Updated: An Iranian official on Sunday (Nov. 9) denied that a top adviser to Iran’s Supreme Leader Ayatollah Ali Khamenei may join talks in Oman between the United States and Iran in the coming days, as Al-Monitor reported Saturday.
Ali Akbar Velayati, longtime foreign policy adviser to Khamenei and a former Iranian foreign minister, may join the talks between US Secretary of State John Kerry, Iran’s Foreign Minister Mohammad Javad Zarif and European Union negotiator Catherine Ashton, in a signal that the Supreme Leader may be preparing to sign off on a deal, sources told Al-Monitor on condition of anonymity Saturday (Nov. 8).

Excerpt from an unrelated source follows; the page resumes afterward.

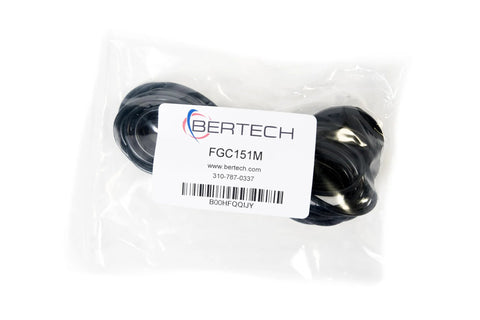 Bertech ESD grounding cord, black, 15 ft, with 10mm snap connectors, in clear bag.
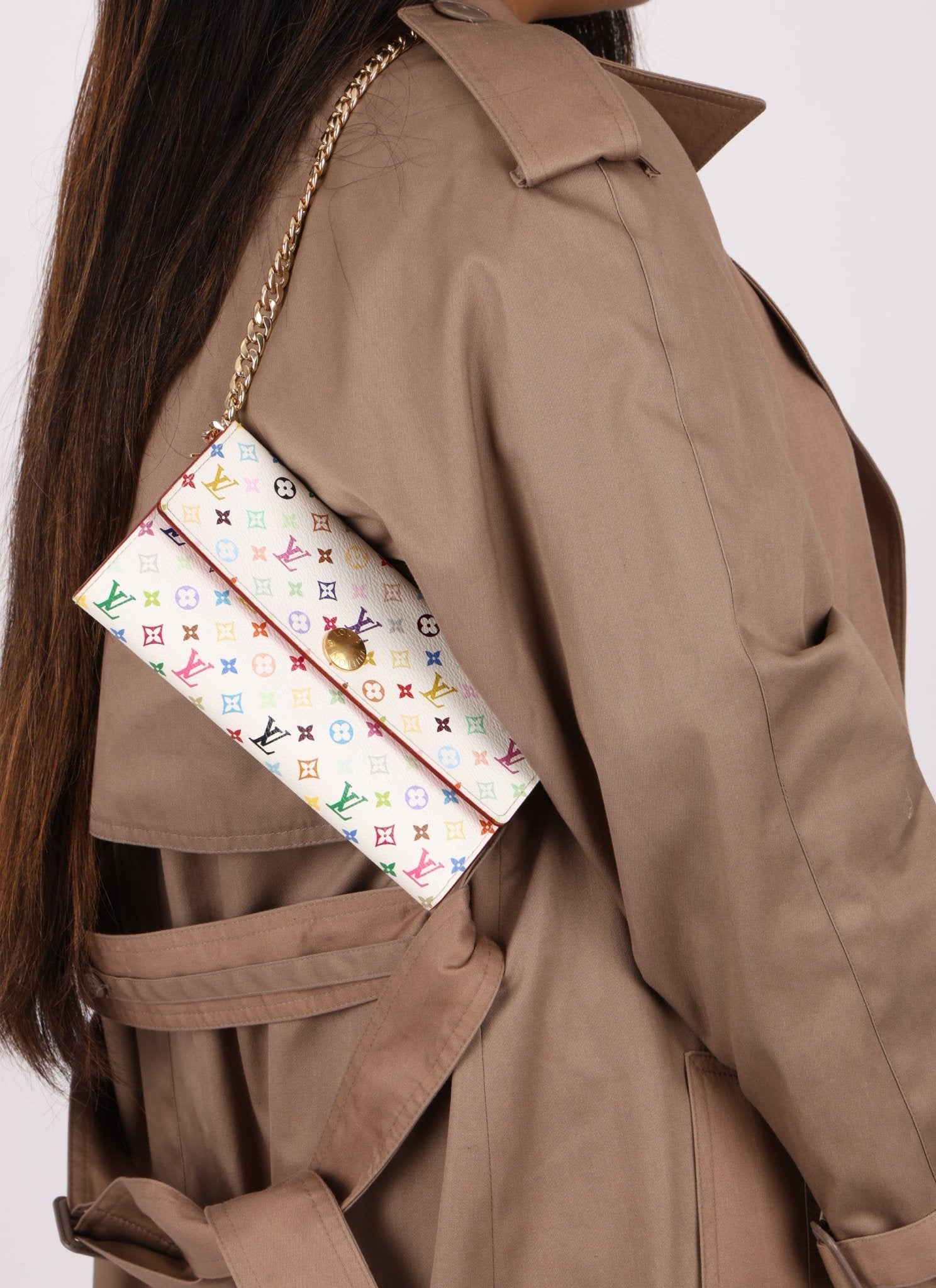 Limited Edition Louis Vuitton x Takashi Murakami Monogram Multicolor Blanc Sarah Wallet - FashioNica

But an Iranian official reached early Sunday Nov. 8 told Al-Monitor that Velayati was not attending the Oman talks. Velayati himself was cited Sunday saying he did not travel to Oman, Iran's ISNA and Tasnim news agencies reported. Velayati was scheduled to stay in Iran and host Kuwaiti scholars in Tehran, a journalist with Iran's Entekhab news site said.
Velayati, speaking at a meeting with Norway's foreign minister in Tehran last week (Nov. 2), praised the role of Oman in hosting the upcoming trilateral talks, and said Iran seeks to reach a final nuclear deal quickly.
"We want for the talks to resolve as soon as possible, and arrive at an agreement like the one we did in Geneva last year,” Velayati said Nov. 2., Iran's Mehr news agency reported. "But the agreement must meet Iran’s interests."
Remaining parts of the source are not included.